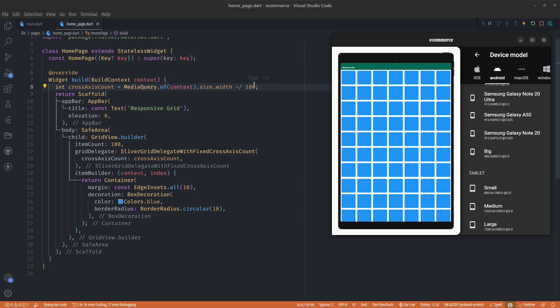So in order to create a responsive grid you just have to divide your screen width by a particular number you are interested in, depending on the number of columns you want, and just assign that value to the cross axis count.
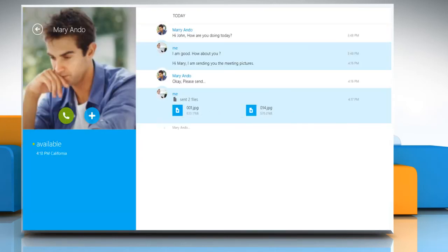The transfer will start once the contact accepts the file. Wasn't that helpful? Thanks for watching!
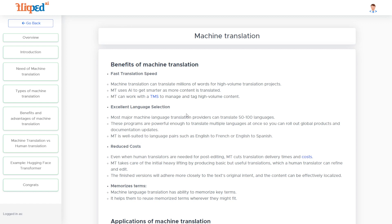Machine translation uses artificial intelligence to get smarter as more content is translated. Based on the feedback loop, translation systems get better over time.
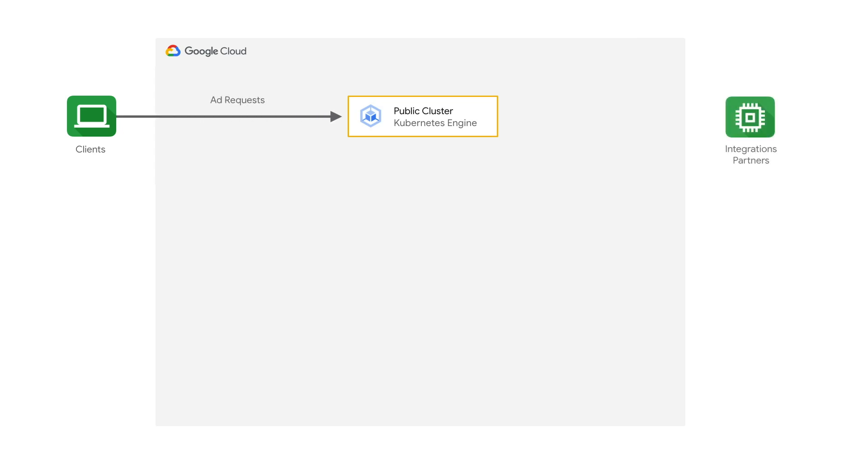I'd love to hear more about how the architecture actually supports all of the ad requests that come in for a game. We get about tens of thousands of ad requests a second, so it's pretty high volume, and those all go into a public GKE cluster. And that service also makes bid requests to third parties at a rate of about a million a second.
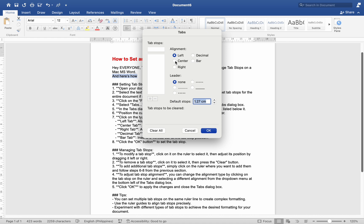Left Tab aligns text to the left of the TabStop. Center Tab centers text around the TabStop. Right Tab aligns text to the right of the TabStop. Decimal Tab aligns numbers around the decimal point. Bar Tab inserts a vertical bar at the TabStop position.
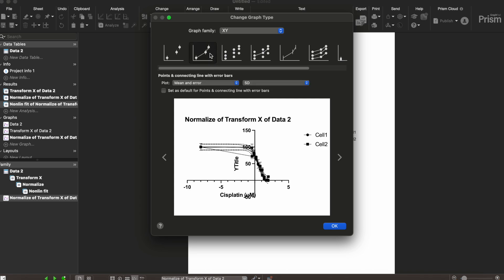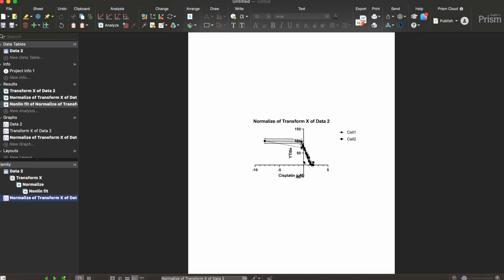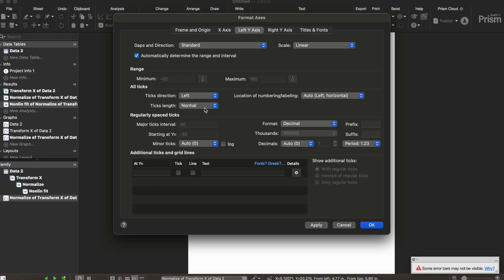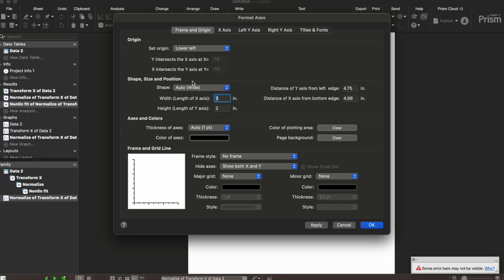We're gonna make the graph be a points and connecting line with error bar graph plotting the mean and error. So I'm gonna push ok and then we're just gonna format the graph so it looks nice and pretty. First we're gonna go to frame and origin and we're gonna set the origin to the lower left. And then the shape will be auto wide.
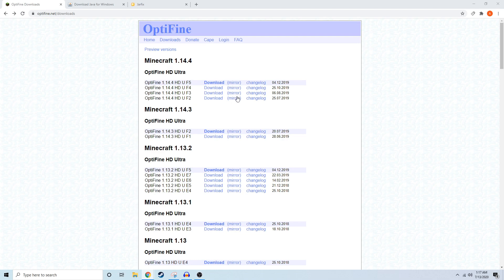So, in this video, we're just going to go over how to download Optifine in under 5 minutes for Minecraft 1.16, where the current version in this video is the 1.16.1 beta.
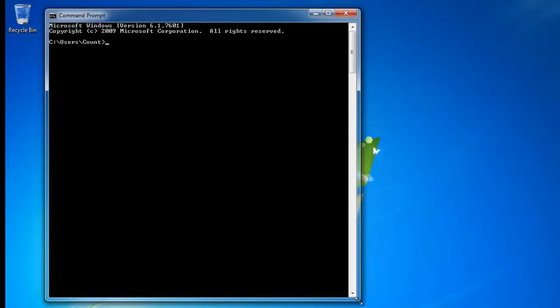Let's start with the cd dot dot command. I'm going to type cd dot dot. What this command does is it will return you to the previous directory or folder. If I press Enter, I go back one folder — now I'm in the Users folder. If I type it one more time and press Enter, it takes me back one more folder, so now I'm in the C folder.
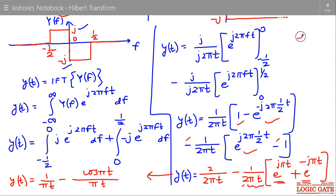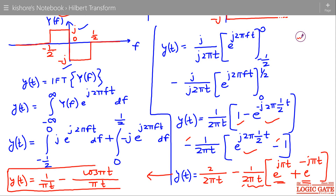So this is the Hilbert transform of sinc t: (1 − cos(πt)) / (πt) is the Hilbert transform of the sinc function.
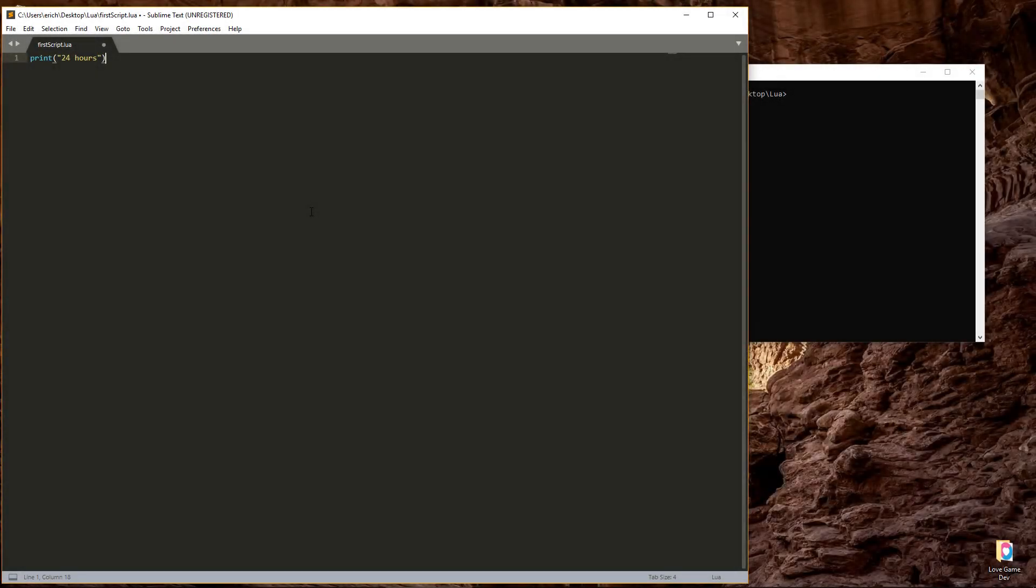Next, we're going to learn about variables. A variable is just a reference to a piece of data that we can use later in the script.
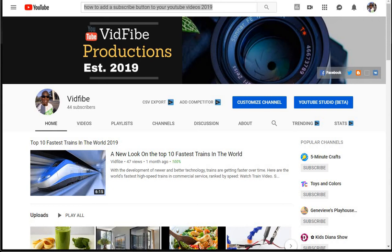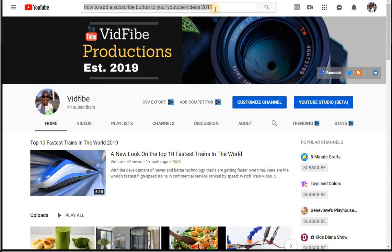Hello everyone and thank you for stopping by my YouTube channel. This video is going to be about how to add a subscribe button to your YouTube video. This is for 2019 version. First of all, you need to be logged into your account.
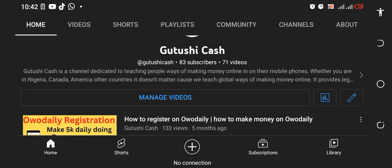Hello everyone, welcome to Gutushi Cash where we learn how to make money online with your mobile phone. I've been away for a long time because I've not been posting. I was building an online business so I'm going to tell you everything about that. But first of all, happy new year and shout out to all my subscribers.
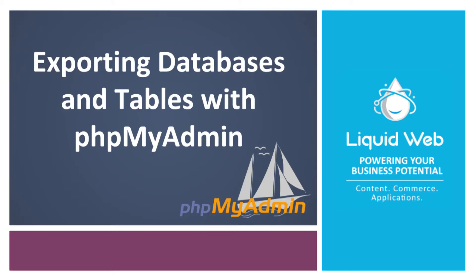Hello! This is Alex Gorzin from Liquid Web with our video on Exporting Databases and Tables with phpMyAdmin.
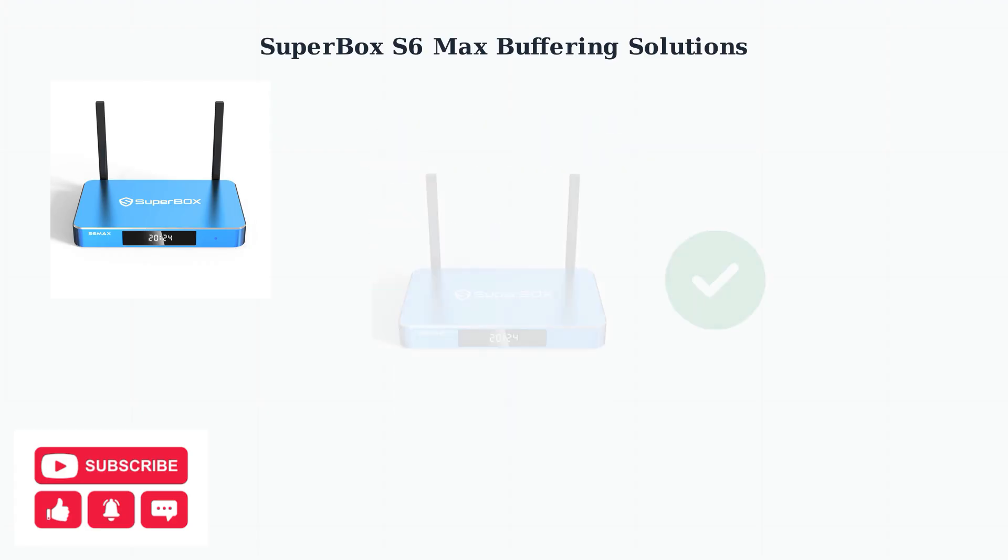By following these steps—checking your internet speed, using a stable connection, clearing cache regularly, and keeping software updated—you can significantly reduce buffering and enjoy smooth streaming on your Superbox S6 Max.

····················

#### [Your task]
An exact copy of the records above is required, leaving out the pictures.

#### [Result of the exercise]
So in order to create a responsive grid you just have to divide your screen width by a particular number you are interested in, depending on the number of columns you want, and just assign that value to the cross axis count.
The transfer will start once the contact accepts the file. Wasn't that helpful? Thanks for watching!
Machine translation uses artificial intelligence to get smarter as more content is translated. Based on the feedback loop, translation systems get better over time.
I'd love to hear more about how the architecture actually supports all of the ad requests that come in for a game. We get about tens of thousands of ad requests a second, so it's pretty high volume, and those all go into a public GKE cluster. And that service also makes bid requests to third parties at a rate of about a million a second.
Left Tab aligns text to the left of the TabStop. Center Tab centers text around the TabStop. Right Tab aligns text to the right of the TabStop. Decimal Tab aligns numbers around the decimal point. Bar Tab inserts a vertical bar at the TabStop position.
We're gonna make the graph be a points and connecting line with error bar graph plotting the mean and error. So I'm gonna push ok and then we're just gonna format the graph so it looks nice and pretty. First we're gonna go to frame and origin and we're gonna set the origin to the lower left. And then the shape will be auto wide.
So, in this video, we're just going to go over how to download Optifine in under 5 minutes for Minecraft 1.16, where the current version in this video is the 1.16.1 beta.
Let's start with the cd dot dot command. I'm going to type cd dot dot. What this command does is it will return you to the previous directory or folder. If I press Enter, I go back one folder — now I'm in the Users folder. If I type it one more time and press Enter, it takes me back one more folder, so now I'm in the C folder.
So this is the Hilbert transform of sinc t: (1 − cos(πt)) / (πt) is the Hilbert transform of the sinc function.
Next, we're going to learn about variables. A variable is just a reference to a piece of data that we can use later in the script.
Hello everyone and thank you for stopping by my YouTube channel. This video is going to be about how to add a subscribe button to your YouTube video. This is for 2019 version. First of all, you need to be logged into your account.
Hello everyone, welcome to Gutushi Cash where we learn how to make money online with your mobile phone. I've been away for a long time because I've not been posting. I was building an online business so I'm going to tell you everything about that. But first of all, happy new year and shout out to all my subscribers.
Hello! This is Alex Gorzin from Liquid Web with our video on Exporting Databases and Tables with phpMyAdmin.
By following these steps—checking your internet speed, using a stable connection, clearing cache regularly, and keeping software updated—you can significantly reduce buffering and enjoy smooth streaming on your Superbox S6 Max.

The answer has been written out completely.